## Task requirements
Find the line with "Škoda Octavia - 2" in the records below. Output exactly from there until after the line with "New 2025 Alfa", without pictures.
---------- Data extract ----------
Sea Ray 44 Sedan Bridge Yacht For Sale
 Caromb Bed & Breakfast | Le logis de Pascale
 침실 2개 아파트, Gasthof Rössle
----------
---------- Data extract ----------
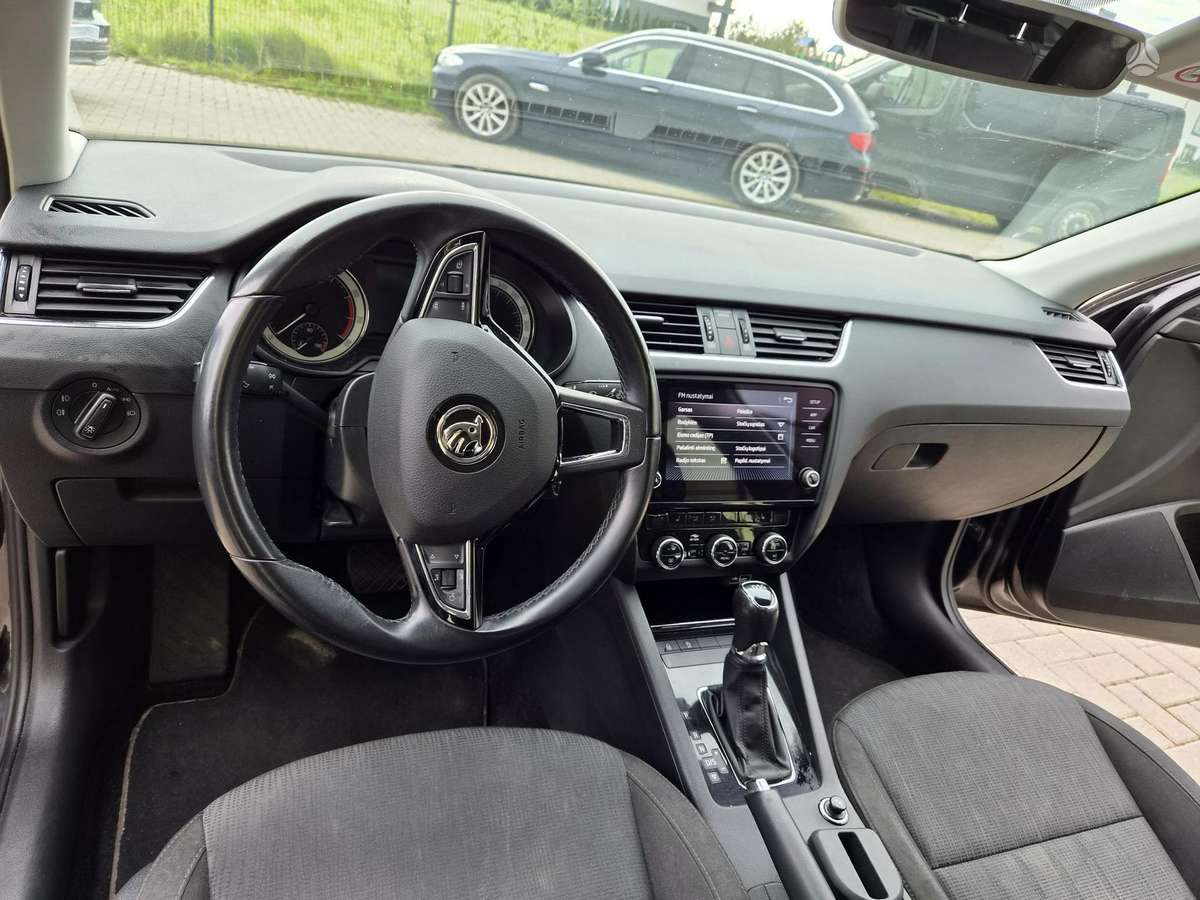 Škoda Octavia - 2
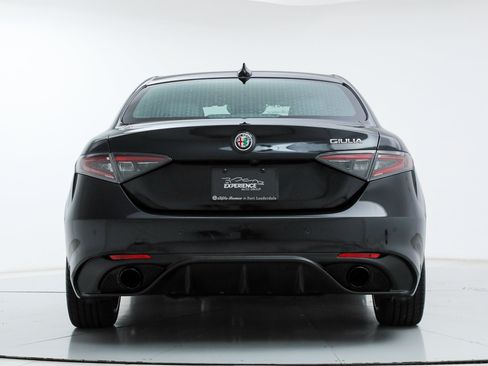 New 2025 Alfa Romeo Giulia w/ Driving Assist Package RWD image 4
----------
## Task output
 Škoda Octavia - 2
 New 2025 Alfa Romeo Giulia w/ Driving Assist Package RWD image 4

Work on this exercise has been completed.